On Wednesday this week, Mrs Benfell was in full costume - minus the petticoats - while the other staff wore nursing aprons.
"I have pride in knowing they were in this uniform. I was in awe of the nurses who worked in those terrible conditions. They weren't wanted there until they got going and their worth was realised. All these trials and tribulations they had to go through, they ran out of bandages and had to cut up their petticoats. It was very tough times and we just have no idea."
Mrs Benfell learned about the trip a few months ago in a nurses' association magazine and jumped at the chance.
"I was in the Army myself as a medic. We will be visiting a range of places where the Anzac nurses served, particularly the Greek island Lemnos where one of the Anzac hospitals was based."
There, the party will re-enact the landing of the Australian Nursing Sisters on August 8, 1915.
Mrs Benfell said she wanted to be a part of the trip not just for her family and its history, but for the whole nursing philosophy.
"This is the history, this is where they came from and look at where we are today. Do we really have anything to moan about?

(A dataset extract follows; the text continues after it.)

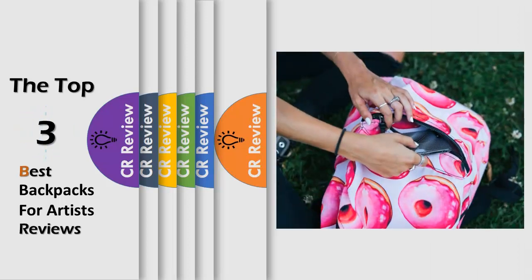Hello viewers, we have brought to you the top 3 best backpacks for artists review, powered by the CR Review.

"I love nursing today and I think the history of nursing is just fascinating.
"It makes me want to honour them, it really does."
Another major part of the trip will be to remember the Marquette, a transport ship sunk in the Aegean Sea in 1915, with 10 New Zealand nurses losing their lives.
The party will also visit a range of other historic sites and will have lectures on board the Serenissima with Sydney Nursing School honorary research associate Clare Ashton, who organised the trip, and Christine Hallet, Professor of Nursing History at the University of Manchester.